Paul Riechers, Adam Shai

In this stream we will explore extensions and implications of our discovery that neural networks pretrained on next-token prediction represent belief-state geometry in their activations. We will build on this fundamental theory of neural network representations in order to discover what AI systems are thinking, and understand their emergent behaviors.

Stream overview

Work in this stream will build on our discovery of belief-state geometry in the activations of pretrained neural networks.  The project can leverage applicants’ strengths in mathematical modeling and/or ML engineering.  We welcome highly driven and relatively autonomous researchers that would like to benefit from our mentorship while taking the lead on a relevant project of their choice. Some possible projects will study in-context learning, out of distribution generalization, theoretically benchmarking SAEs, designing new methods for finding features, methods of compressing representations in transformers, and interpretability on RL models.

Mentors

Adam Shai
Simplex
,
Research Lead
SF Bay Area
Interpretability

Adam Shai has extensive research experience in experimental and computational neuroscience. He earned his PhD from Caltech and has over a decade of experience investigating the neural basis of intelligent behavior, most recently as a researcher at Stanford. Driven by the pressing need for AI safety, he has now turned his expertise to neural networks, aiming to develop principled methods for controlling and aligning increasingly advanced AI systems.

Adam co-founded and now leads research at Simplex, an organization dedicated to building a science of representations in AI systems.

Paul Riechers
Simplex
,
Simplex research lead
SF Bay Area
Interpretability

Paul Riechers is a researcher and scientific leader with deep expertise in the physics of information and the fundamental limits of learning and prediction.  He co-founded Simplex, an AI safety research organization, with Dr. Adam Shai, applying insights from theoretical physics and neuroscience to build foundational understanding of internal representations and emergent behavior in neural networks.  Paul earned a PhD in theoretical physics and an MS in electrical and computer engineering from UC Davis.
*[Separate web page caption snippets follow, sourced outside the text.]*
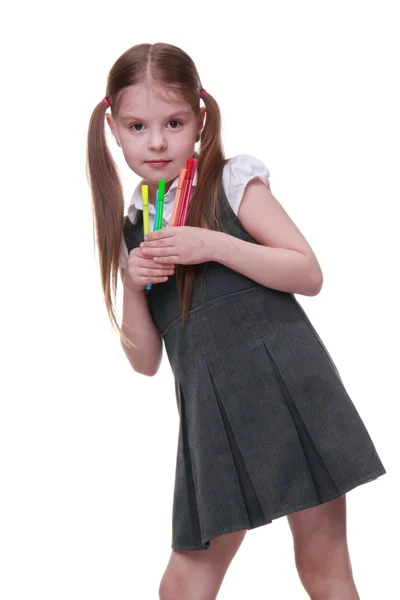 Studio portrait of schoolgirl with felt-tip pens — Stock Photo, Image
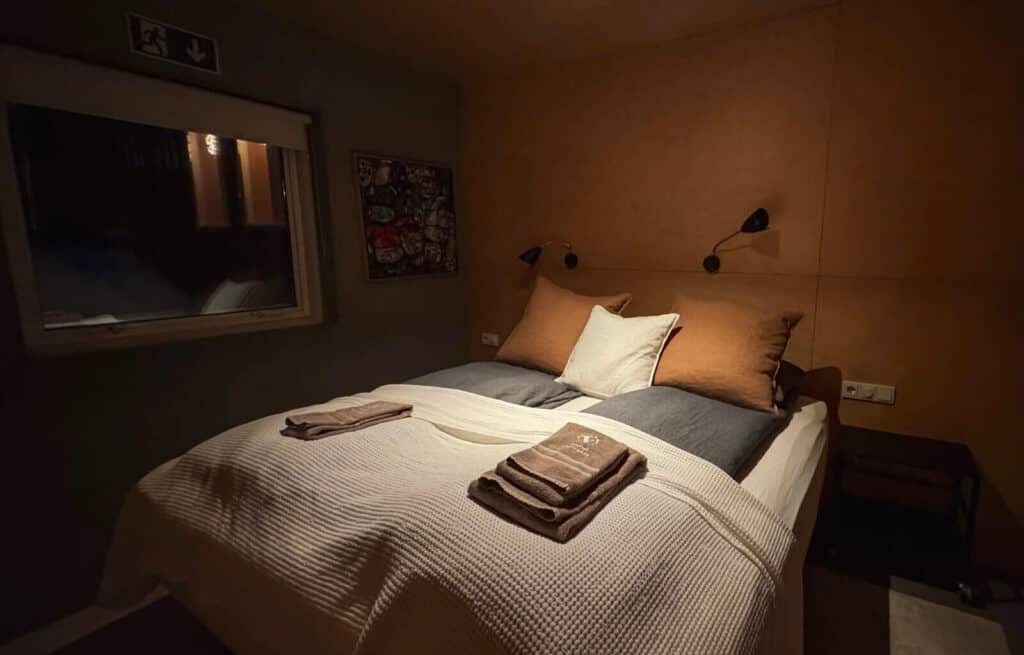 Comfortable bed with pillows and folded towels in a warmly lit bedroom with a window and artwork on the wall.
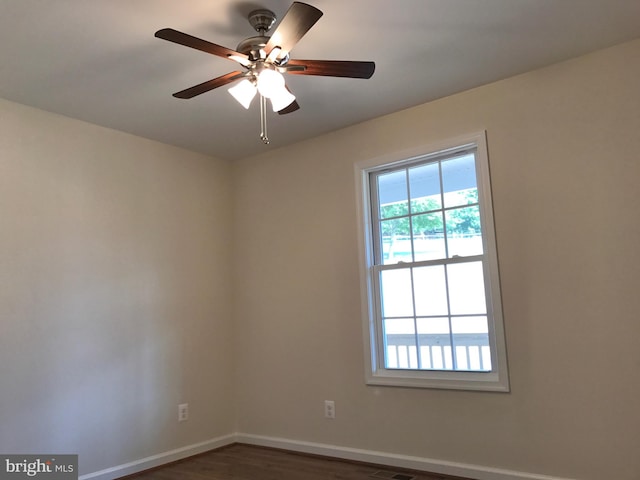 empty room featuring dark wood-type flooring and ceiling fan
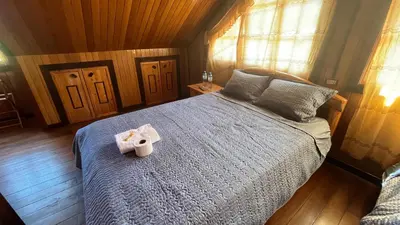 a room with a bed with a towel on it at CABAÑAS RANCH OXaPAMP4 in Oxapampa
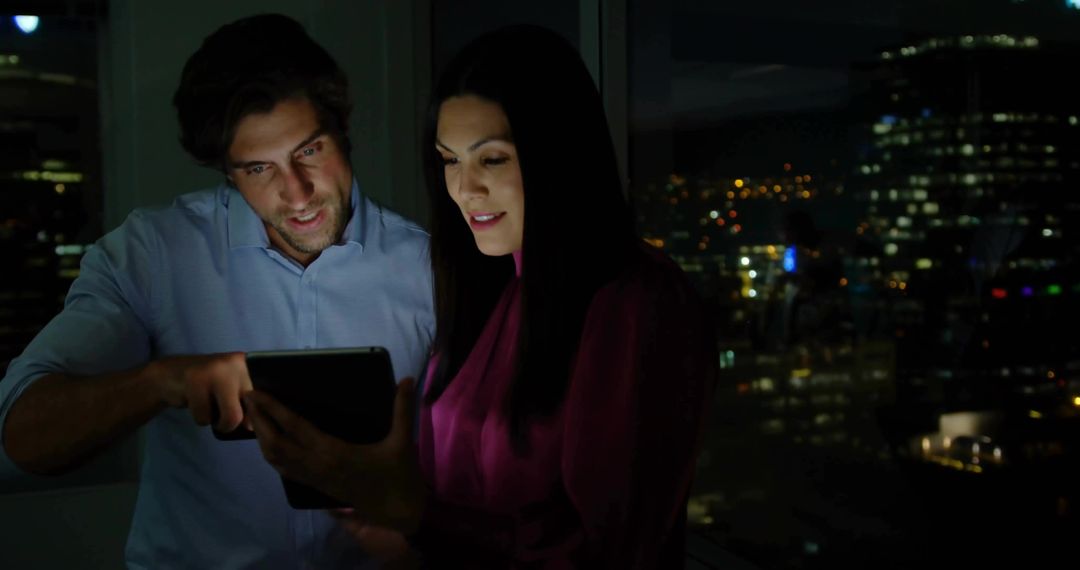 Professionals Collaborating on Tablet with City Skyline at Night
Prior to founding Simplex, he spent five years as a Research Fellow at Nanyang Technological University in Singapore. He is also co-founder of the Beyond Institute for Theoretical Science (BITS), a former Senior Fellow at UCLA’s Mathematics of Intelligences program at IPAM, and has served as both a MATS scholar and mentor. Paul has co-organized multiple workshops on AI interpretability and alignment, and now co-leads the growing Simplex team with support from the Astera Institute.

Mentorship style

Early in the program, Paul and Adam will meet in person with scholars to help them get up to speed on the theoretical and technical background needed to understand and contribute to our framework.  Subsequent weekly meetings with mentees aim to answer questions, unblock research, explore project ideas, and give feedback and suggestions on research.
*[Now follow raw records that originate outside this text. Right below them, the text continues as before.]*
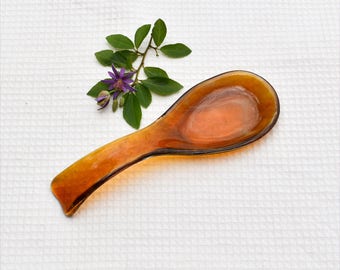 Fused glass spoon rest or dish in transparent amber with a feathery pattern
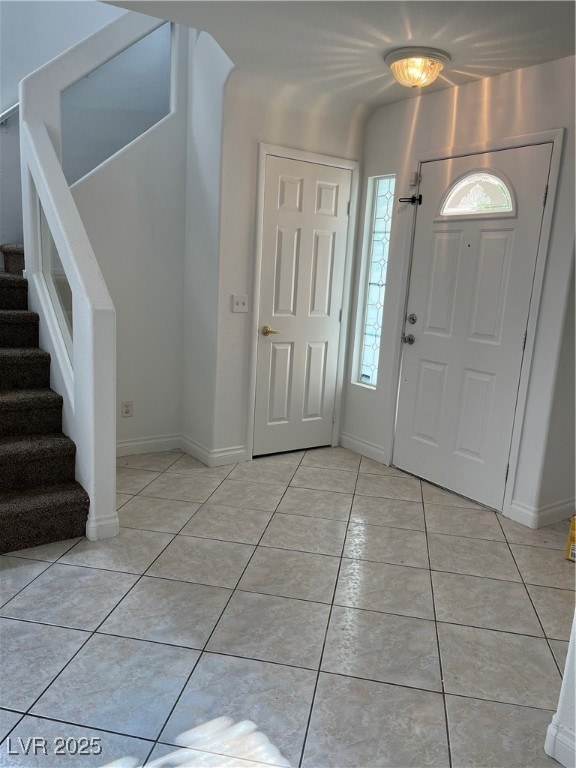 Foyer entrance featuring light tile patterned floo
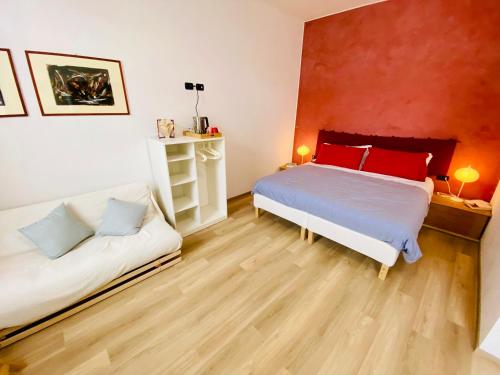 a bedroom with two beds and a red wall at Notte di Note - home hospitality in Busto Arsizio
Scholars we are looking for

The project can leverage applicants’ strengths in mathematical modeling and/or ML engineering.  We welcome highly driven and relatively autonomous researchers that would like to benefit from our mentorship while taking the lead on a relevant project of their choice. The ideal scholar has the ability to move fast, and has experience in either research (e.g., PhD in any field), or software/ML engineering. 

Can independently find collaboraters, but not required

Project selection

We will talk through project ideas with scholar

Community at MATS

MATS Research phase provides scholars with a community of peers.

During the Research phase, scholars work out of a shared office, have shared housing, and are supported by a full-time Community Manager.

Working in a community of independent researchers gives scholars easy access to future collaborators, a deeper understanding of other alignment agendas, and a social network in the alignment community.

Previous MATS cohorts included regular lightning talks, scholar-led study groups on mechanistic interpretability and linear algebra, and hackathons. Other impromptu office events included group-jailbreaking Bing chat and exchanging hundreds of anonymous compliment notes.  Scholars organized social activities outside of work, including road trips to Yosemite, visits to San Francisco, and joining ACX meetups.